### Data records

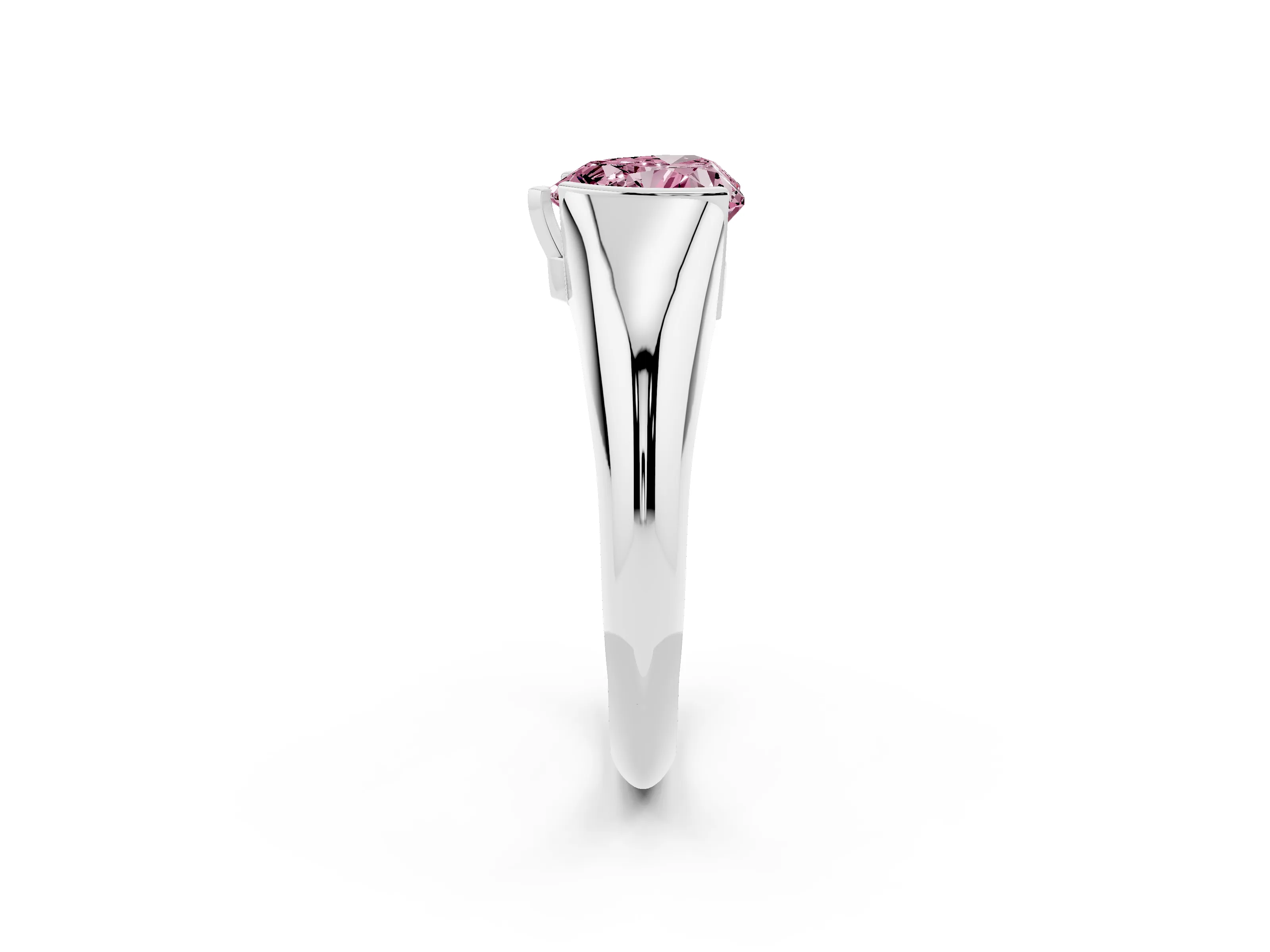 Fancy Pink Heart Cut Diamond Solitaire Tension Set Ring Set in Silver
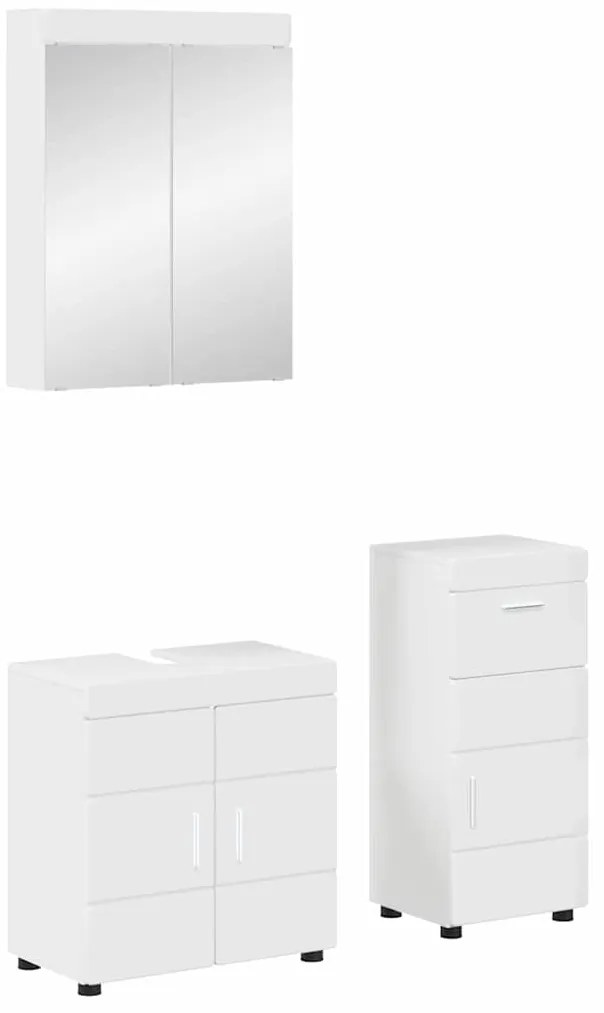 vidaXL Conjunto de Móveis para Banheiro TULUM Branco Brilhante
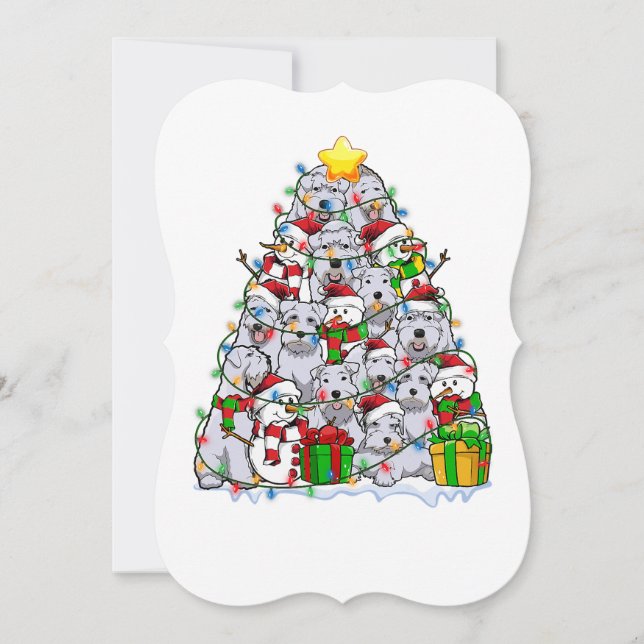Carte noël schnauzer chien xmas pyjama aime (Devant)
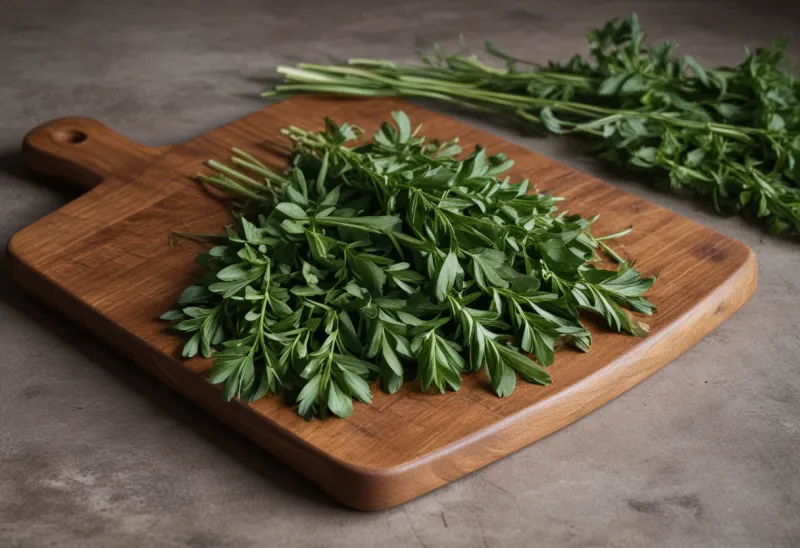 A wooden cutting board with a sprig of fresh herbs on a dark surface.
* * *
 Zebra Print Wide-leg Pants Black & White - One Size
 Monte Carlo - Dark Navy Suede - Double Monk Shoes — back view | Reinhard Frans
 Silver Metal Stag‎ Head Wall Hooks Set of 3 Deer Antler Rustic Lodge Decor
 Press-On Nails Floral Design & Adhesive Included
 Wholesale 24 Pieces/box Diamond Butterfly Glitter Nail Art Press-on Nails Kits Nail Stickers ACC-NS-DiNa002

### What to do
Look above for the line with "Carte noël schnauzer" and the line with "A wooden cutting". Output those two and everything between them exactly, pictures excluded.

### Exercise output
Carte noël schnauzer chien xmas pyjama aime (Devant)
 A wooden cutting board with a sprig of fresh herbs on a dark surface.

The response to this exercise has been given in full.